Posted on 28 September 2014 by John Hartz

SkS Highlights

Dana's The Wall Street Journal downplays global warming risks once again received the most comments of the articles posted on SkS during the past week. Attracting the second highest number of comments was the repost of Roz Piscock's Carbon Brief article, Your questions on climate sensitivity answered

Toon of the Week

 2014 Toon 39

h/t to I Heart Climate Scientists

Quote of the Week

"Go back in your life to think about the hottest, most traumatic event you have experienced," Mora* said in an interview with the New York Times recently. "What we are saying is that very soon, that event is going to become the norm."

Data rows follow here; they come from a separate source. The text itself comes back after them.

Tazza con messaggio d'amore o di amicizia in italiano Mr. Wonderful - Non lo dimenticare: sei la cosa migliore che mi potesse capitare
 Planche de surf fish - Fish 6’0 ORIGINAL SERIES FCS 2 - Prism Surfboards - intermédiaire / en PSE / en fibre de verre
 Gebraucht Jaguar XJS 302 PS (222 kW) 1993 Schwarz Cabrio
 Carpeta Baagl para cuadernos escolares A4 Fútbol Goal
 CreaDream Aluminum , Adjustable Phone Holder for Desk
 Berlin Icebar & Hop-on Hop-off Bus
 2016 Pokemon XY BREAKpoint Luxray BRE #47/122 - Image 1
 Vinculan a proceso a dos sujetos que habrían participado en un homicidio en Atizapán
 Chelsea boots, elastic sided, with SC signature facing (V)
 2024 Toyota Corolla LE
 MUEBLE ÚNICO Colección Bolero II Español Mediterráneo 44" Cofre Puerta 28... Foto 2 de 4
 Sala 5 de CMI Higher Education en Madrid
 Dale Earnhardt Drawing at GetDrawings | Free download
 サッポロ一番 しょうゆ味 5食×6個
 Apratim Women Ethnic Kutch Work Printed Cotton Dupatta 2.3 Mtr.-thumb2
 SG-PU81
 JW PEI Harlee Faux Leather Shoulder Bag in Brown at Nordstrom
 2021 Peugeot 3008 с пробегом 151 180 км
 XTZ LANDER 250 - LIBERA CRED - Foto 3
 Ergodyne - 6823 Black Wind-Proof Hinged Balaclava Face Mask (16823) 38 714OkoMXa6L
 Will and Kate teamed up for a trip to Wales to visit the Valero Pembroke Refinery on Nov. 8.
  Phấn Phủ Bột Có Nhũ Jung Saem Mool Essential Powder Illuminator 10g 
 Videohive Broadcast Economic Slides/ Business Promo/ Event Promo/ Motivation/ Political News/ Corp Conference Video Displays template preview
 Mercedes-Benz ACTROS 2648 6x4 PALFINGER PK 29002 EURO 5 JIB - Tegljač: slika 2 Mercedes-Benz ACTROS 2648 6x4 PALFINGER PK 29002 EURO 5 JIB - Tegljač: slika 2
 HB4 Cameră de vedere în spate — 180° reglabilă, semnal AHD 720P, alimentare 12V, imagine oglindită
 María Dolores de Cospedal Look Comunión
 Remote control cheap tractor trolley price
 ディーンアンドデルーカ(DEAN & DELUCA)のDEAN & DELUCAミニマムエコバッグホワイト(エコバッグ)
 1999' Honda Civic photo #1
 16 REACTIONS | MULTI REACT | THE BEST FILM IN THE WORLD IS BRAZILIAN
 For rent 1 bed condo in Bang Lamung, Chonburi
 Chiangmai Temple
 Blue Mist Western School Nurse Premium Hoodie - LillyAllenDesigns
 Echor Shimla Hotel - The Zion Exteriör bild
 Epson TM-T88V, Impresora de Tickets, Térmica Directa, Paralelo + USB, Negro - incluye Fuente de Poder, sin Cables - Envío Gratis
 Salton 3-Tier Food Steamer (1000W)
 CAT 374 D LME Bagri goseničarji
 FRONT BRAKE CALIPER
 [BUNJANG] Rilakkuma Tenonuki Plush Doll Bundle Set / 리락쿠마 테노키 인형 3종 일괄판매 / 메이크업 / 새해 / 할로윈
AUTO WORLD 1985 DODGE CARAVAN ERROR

*Camilo Mora, University of Hawaii

Floods, forest fires, expanding deserts: the future has arrived by Robin McKie, The Observer/The Guardian, Sep 27, 2014

SkS Spotlights

97 Hours: J Marshall Shepard

El Niño Watch

SEATTLE - The National Climate Prediction Center says a weak El Nino should be with us through December at least.

El Nino has the effect of keeping the fall and winter climate in the Pacific Northwest warmer and drier than normal. El Nino forms when a warm pool of water at the surface of the Pacific Ocean along the equator builds up along the west coast of South and Central America. This El Nino is expected to be weak.

The bigger effect is coming from something like El Nino and much closer to the Pacific Northwest. It's called "the blob," another big pool of warmer than normal water. The blob is off the Washington coast and goes north, pretty much filling the Gulf of Alaska. At its warmest point, it's five degrees warmer than normal, and as the air blows across it, that air also becomes warmer as it heads over land. El Nino's effects are largely confined to the fall and winter months, but "the blob" helped create a warmer summer than normal.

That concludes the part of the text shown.